David Pepper
David Pepper is a candidate for Ohio Auditor.
He has a track record of stepping up to bring common sense, responsible leadership during tough times.
David made his first run for political office in 2001 at the age of 29, finishing first out of a field of 26 candidates for Cincinnati City Council. It was the first time a newcomer finished first in almost 40 years. David ran for re-election in 2003 again finishing first, this time by an even larger margin, over a field of 26 candidates. He won both traditionally Democratic and Republican wards across the City.

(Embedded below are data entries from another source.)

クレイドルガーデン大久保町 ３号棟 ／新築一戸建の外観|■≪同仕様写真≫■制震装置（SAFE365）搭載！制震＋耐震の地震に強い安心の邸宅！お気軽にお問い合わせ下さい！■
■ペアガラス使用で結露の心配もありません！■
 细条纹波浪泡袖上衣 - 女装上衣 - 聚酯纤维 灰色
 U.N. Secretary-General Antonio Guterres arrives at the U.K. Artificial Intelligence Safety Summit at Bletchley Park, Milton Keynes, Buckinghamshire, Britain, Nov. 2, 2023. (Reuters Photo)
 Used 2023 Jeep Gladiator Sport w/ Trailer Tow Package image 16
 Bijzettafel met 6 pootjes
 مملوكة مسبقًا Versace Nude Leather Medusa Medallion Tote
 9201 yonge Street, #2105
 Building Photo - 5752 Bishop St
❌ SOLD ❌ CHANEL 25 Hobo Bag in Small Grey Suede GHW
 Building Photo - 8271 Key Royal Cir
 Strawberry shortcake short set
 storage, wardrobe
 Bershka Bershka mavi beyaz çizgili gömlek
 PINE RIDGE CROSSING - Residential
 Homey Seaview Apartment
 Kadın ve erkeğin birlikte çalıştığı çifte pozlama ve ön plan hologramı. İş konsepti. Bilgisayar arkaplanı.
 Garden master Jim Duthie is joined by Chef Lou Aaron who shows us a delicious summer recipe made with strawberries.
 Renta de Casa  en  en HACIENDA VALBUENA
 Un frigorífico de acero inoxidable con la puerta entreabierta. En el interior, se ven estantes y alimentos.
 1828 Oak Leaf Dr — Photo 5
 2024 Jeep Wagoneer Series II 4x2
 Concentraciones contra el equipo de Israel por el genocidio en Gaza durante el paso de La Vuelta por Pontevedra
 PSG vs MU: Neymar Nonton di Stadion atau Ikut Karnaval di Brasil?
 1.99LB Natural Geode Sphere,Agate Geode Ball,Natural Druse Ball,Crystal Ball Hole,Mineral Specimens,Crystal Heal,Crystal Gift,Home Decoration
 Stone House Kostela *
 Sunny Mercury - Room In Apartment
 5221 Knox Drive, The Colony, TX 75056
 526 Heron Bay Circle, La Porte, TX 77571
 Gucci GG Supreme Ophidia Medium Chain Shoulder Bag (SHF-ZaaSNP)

David arrived at City Council shortly after the Cincinnati riots in December 2001, at a time of deep concern among citizens of Cincinnati. Over the next four years, he helped lead the way to reform city hall, heal police-community relations, add officers to the street, reinvigorate economic development downtown and in other parts of the City, and lower property tax rates. His final year on Council marked the first increase in the city’s population in decades.
In 2006, David challenged Hamilton County Commission President, and former Lt. Governor candidate Phil Heimlich after the county’s direction reached a low point under the Heimlich-DeWine majority. Winning numerous cross-over voters, and winning outright in some traditionally Republican areas, David was the leading Democratic vote-getter of all the Democrats on the countywide ballot. David’s win marked the first time Democrats have held the County majority in 40 years.
Taking office as Hamilton County Commission President in January 2007, David inherited a County government that had been badly mismanaged—a squandered reserve fund, wasteful spending, questionable ethics and management practices, poor relations with the state and city, and underinvested and unsuccessful economic development. Since he arrived, David has fought to clean up the mess: adding fiscally prudent policies and reforms to assure responsibility and accountability while eliminating waste and reducing overall spending by tens of millions of dollars; implementing ethics reforms; improving relations with the city and state; pushing to reform the criminal justice system; and investing in new economic growth and recovery strategies, creating thousands of jobs and successfully moving forward on the Banks project to revitalize Ohio and Cincinnati’s riverfront.
Since 2000, David has also served as an attorney in the Cincinnati office of the law firm of Squire Sanders & Dempsey, where he concentrates his practice on appellate litigation. From 1999-2000, he clerked for Judge Nathaniel Jones on the U.S. Court of Appeals for the Sixth Circuit in Cincinnati.
David graduated from Cincinnati Country Day in 1989 and earned his B. A. magna cum laude from Yale University in 1993, where he was Phi Beta Kappa and served as Managing Editor of the Yale Daily News. David earned his J.D. from Yale Law School in 1999, where he won several school-wide awards for his written work and was a published law review author three times.
David is a fifth-generation Cincinnatian, coming from a family with a long tradition of public service to the community and with roots throughout the region.